I also welcome the extension of the existing protection for hedgerows. This has been a concern of mine that I have consistently pursued with a number of Ministers. Hedgerows are also manmade constructs but they are, in both rural and urban areas, a most important source of wildlife. Reference has been made to birds nesting and so on. As Deputy Boylan has stated, hedgerows are being cut down but there is no need for that. They should not be topped but tidied up. They offer shelter and are a habitat for birds. The extension of the period of protection and the restriction on local authorities and State agencies on cutting during specified periods, except for health and safety reasons, is a valuable contribution to further protecting nesting birds.

I welcome the concept of a competency test for hunters. The shooting scene has changed radically over the past 40 to 50 years with the decline of game bird and rural human populations. When I was young and growing up in a rural area one automatically acquired a knowledge of wildlife, firearms and hunting practices. These were imbibed as naturally and as unconsciously as mother's milk and were passed on traditionally from father to son. The key element in such traditional training was respect for game birds and their conservation as well as that of the hunting environment. Those days are gone and many of those now hunting have never experienced such formative and educational processes which provide a naturally solid grounding in conservation as well as the pleasures of the hunt. The provisions of the Bill are an important effort to remedy this deficiency. I am glad to hear the Minister will only put systems in place following close examination and consultation with the relevant parties.
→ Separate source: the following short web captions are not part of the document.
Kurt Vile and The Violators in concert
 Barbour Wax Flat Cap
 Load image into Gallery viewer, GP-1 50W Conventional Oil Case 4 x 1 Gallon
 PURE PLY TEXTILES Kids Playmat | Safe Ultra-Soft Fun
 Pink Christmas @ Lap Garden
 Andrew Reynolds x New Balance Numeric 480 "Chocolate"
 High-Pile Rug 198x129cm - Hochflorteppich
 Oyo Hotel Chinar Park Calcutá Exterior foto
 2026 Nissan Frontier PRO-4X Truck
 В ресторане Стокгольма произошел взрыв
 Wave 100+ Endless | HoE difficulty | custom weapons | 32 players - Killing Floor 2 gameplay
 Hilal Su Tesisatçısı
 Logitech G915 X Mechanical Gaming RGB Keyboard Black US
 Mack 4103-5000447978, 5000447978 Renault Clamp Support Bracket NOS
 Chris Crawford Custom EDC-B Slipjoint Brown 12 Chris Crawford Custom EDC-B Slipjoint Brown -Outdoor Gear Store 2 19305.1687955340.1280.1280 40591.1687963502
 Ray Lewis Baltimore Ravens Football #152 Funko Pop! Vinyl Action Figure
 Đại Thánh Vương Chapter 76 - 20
The proposed measures in relation to the regulation of commercial shoot operators, which are a related issue, will put this important source of tourist activity and revenue on a proper statutory footing and will ensure that only those who have full regard to wildlife law and conservation needs are permitted to operate.

I welcome the increases in penalties provided for in the Bill. They will provide effective deterrent powers and are far more commensurate with the scale of the offences, which are not only crimes against wildlife but crimes against society, in that they deprive us of our natural heritage and the sense of well being and completeness we derive from it.

Stiff penalties, including for the first time prison sentences, are essential if we are to protect our wildlife. They are a necessary supplement to such initiatives as the recently announced programme to introduce the golden eagle once again to the national parks on the western seaboard. In this connection I note that some of the farming communities are raising once again the ill-informed and falsely based view that eagles are major predators on new born lambs. This is the type of factually incorrect, irrational and emotional response which led to the slaughter and extinction of the eagle population over 100 years ago. In this context as in many others, I would ask the Minister and her Department to put more resources into educational programmes for conservation and the protection of wildlife. Bodies such as ENFO do valuable work in this area but much more can be done to educate citizens of all ages. I strongly urge the Minister to support the many positive measures in this wide ranging and complex Bill with effective publicity and educational programmes. I thank the Minister and her officials for bringing the Bill before the House.

I commend the Bill to the House.

I welcome the opportunity to contribute to this debate. I understand the Minister had a difficult task formulating this comprehensive Bill. I purport to highlight and support many of its initiatives and to bring to the Minister's attention the widespread concerns in respect of certain elements of the Bill. Some of the matters I wish to raise are common to the Minister's constituency and mine.

A few weeks ago the Minister expressed concern, through the media, about the application and effect of many EU directives following implementation at ground level. Therein lies many of the problems and controversies highlighted in the past few years since the legislation on EU directives on SACs, in particular, were signed. Various concerns have been expressed in regard to signed EU directives. I have no doubt the Minister is aware that Fianna Fáil people have said the former Minister, Deputy Michael D. Higgins, has responsibility given the way he accepted them. Given the views he expressed when signing the EU directives on SACs and the boglands, he was of the opinion that they would eliminate the use of the sausage machine and the destruction being caused by them. It was the Minister of State, Deputy Treacy, who put the final signature to it because it came within his area of responsibility at the time. He has since disclaimed responsibility for his actions.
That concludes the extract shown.